*TASK DESCRIPTION*
Give the data again exactly, without images.

┌─ EXERCISE MATERIAL

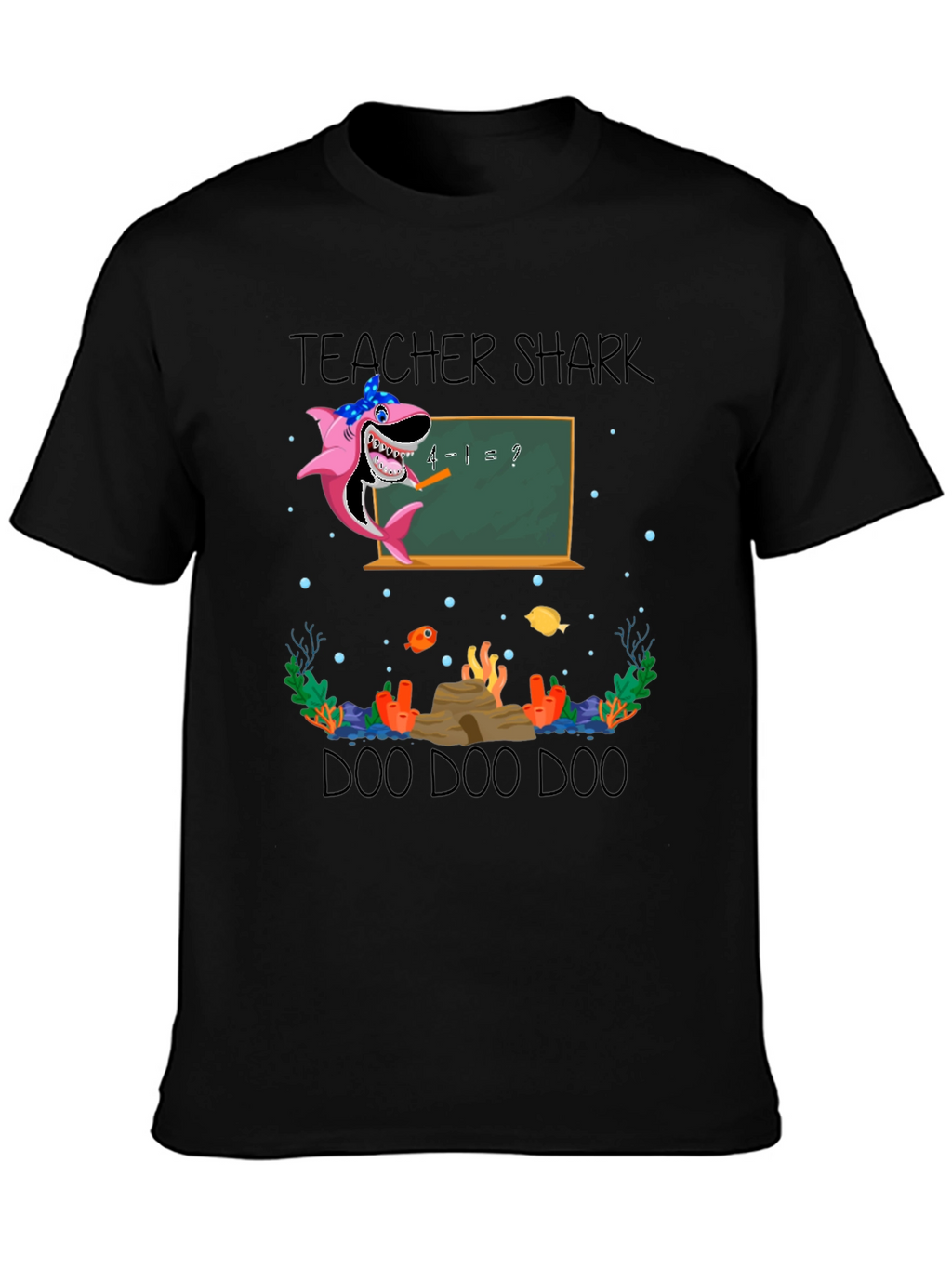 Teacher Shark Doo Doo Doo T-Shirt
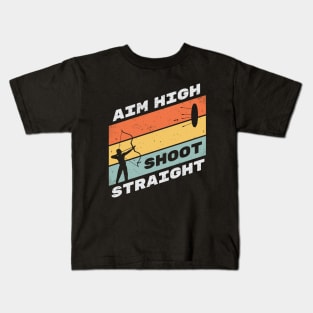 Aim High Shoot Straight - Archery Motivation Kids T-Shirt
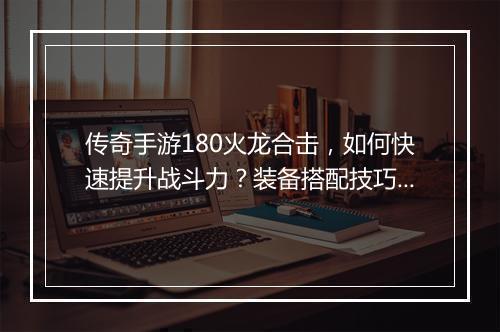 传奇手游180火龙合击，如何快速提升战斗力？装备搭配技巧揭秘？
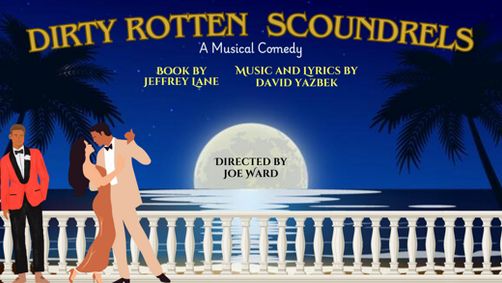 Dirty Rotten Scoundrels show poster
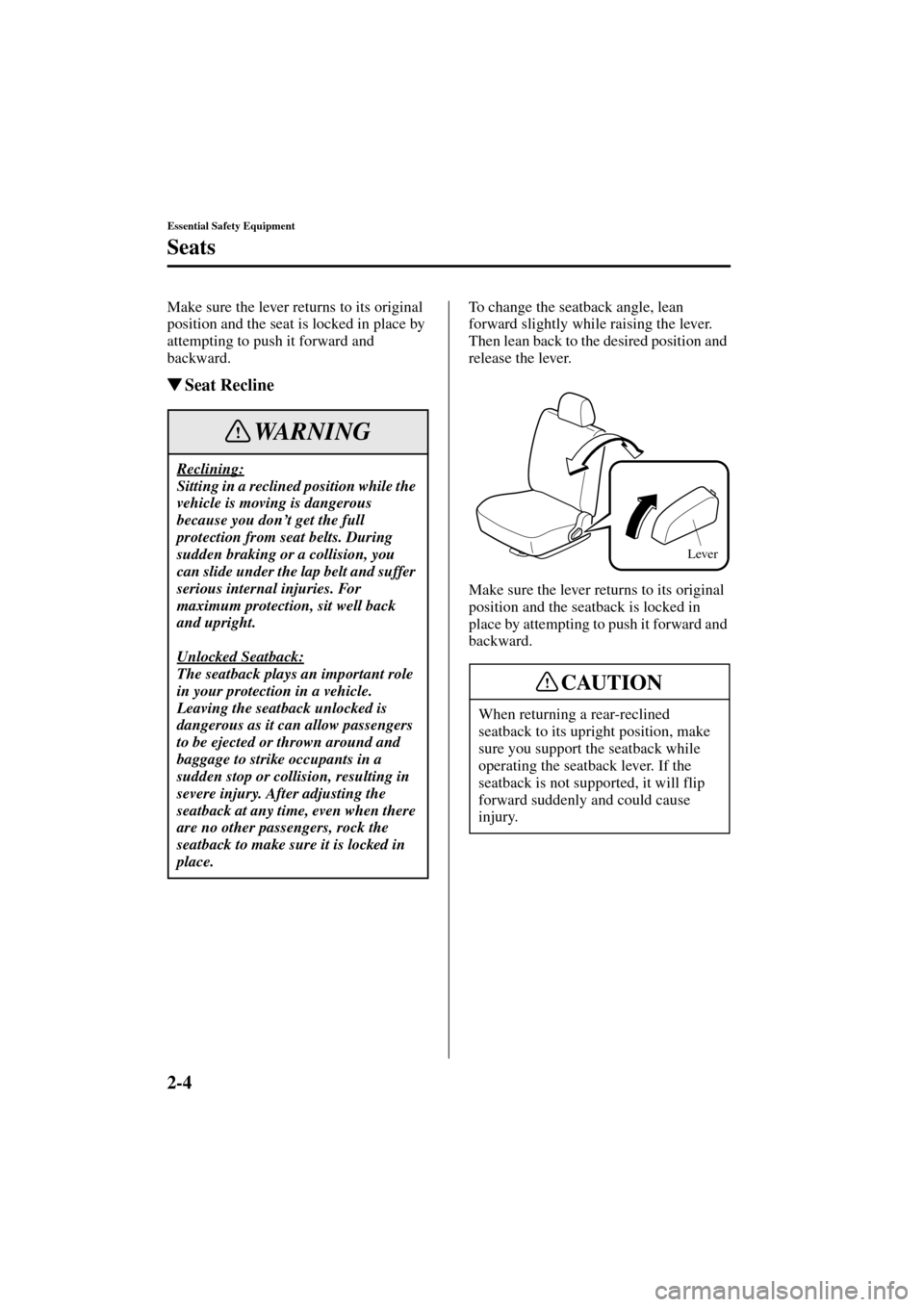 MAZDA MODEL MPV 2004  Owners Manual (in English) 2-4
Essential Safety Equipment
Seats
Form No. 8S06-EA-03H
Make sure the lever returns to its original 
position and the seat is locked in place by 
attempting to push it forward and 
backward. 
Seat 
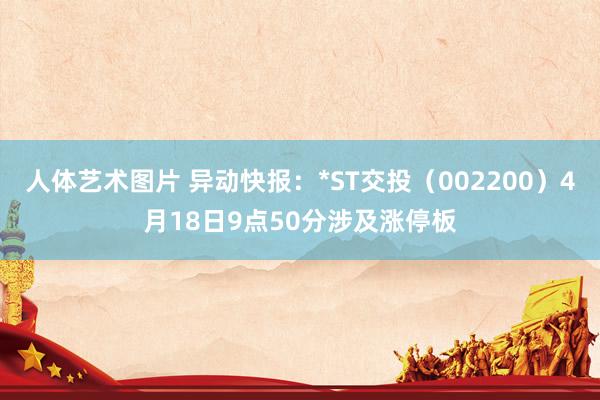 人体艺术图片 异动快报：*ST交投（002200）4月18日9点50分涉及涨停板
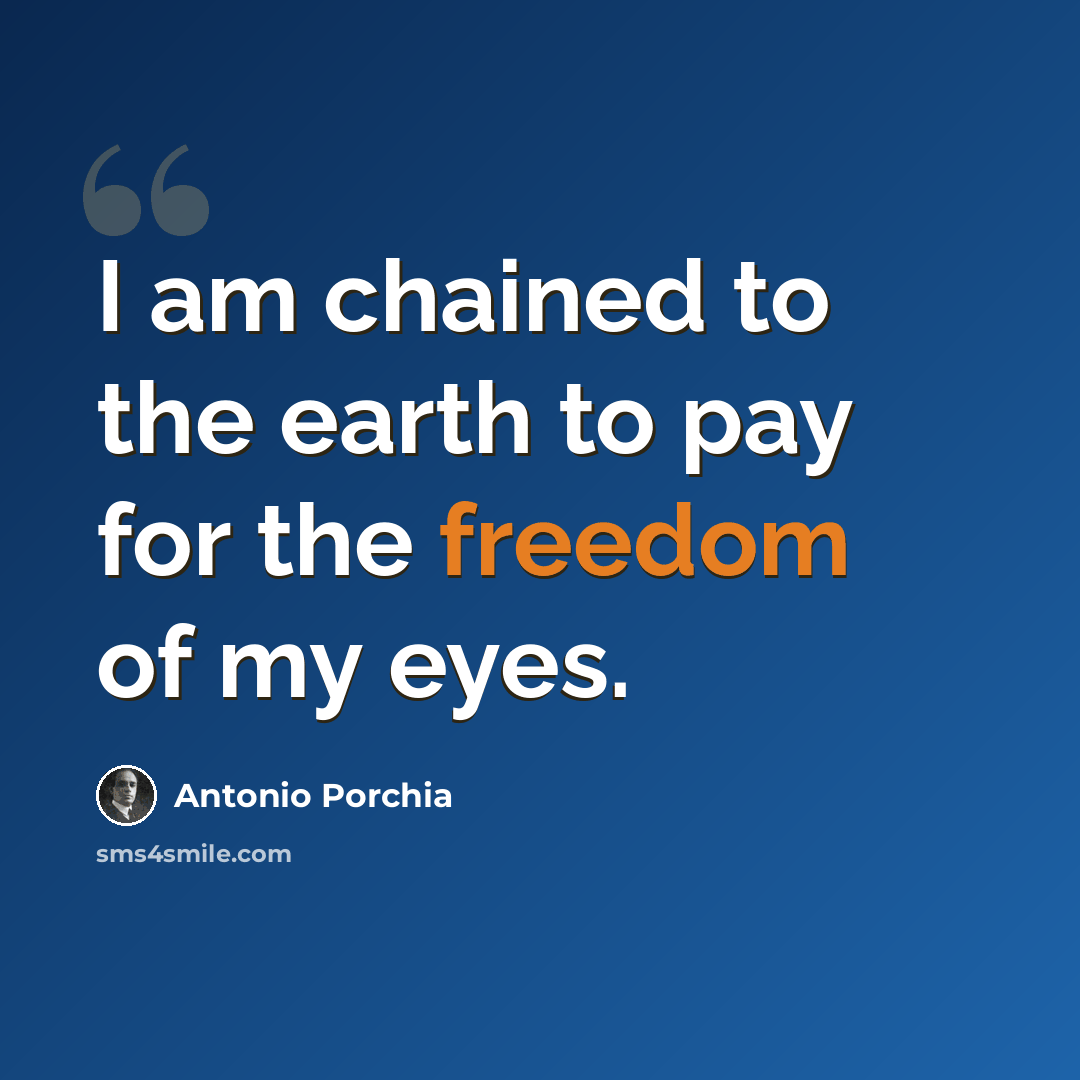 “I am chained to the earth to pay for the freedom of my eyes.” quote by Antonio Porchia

└─

*EXERCISE OUTPUT*
 Teacher Shark Doo Doo Doo T-Shirt
 Aim High Shoot Straight - Archery Motivation Kids T-Shirt
 传奇手游180火龙合击，如何快速提升战斗力？装备搭配技巧揭秘？
 Dirty Rotten Scoundrels show poster
 MAZDA MODEL MPV 2004  Owners Manual (in English) 2-4
Essential Safety Equipment
Seats
Form No. 8S06-EA-03H
Make sure the lever returns to its original 
position and the seat is locked in place by 
attempting to push it forward and 
backward. 
Seat 
 人体艺术图片 异动快报：*ST交投（002200）4月18日9点50分涉及涨停板
 “I am chained to the earth to pay for the freedom of my eyes.” quote by Antonio Porchia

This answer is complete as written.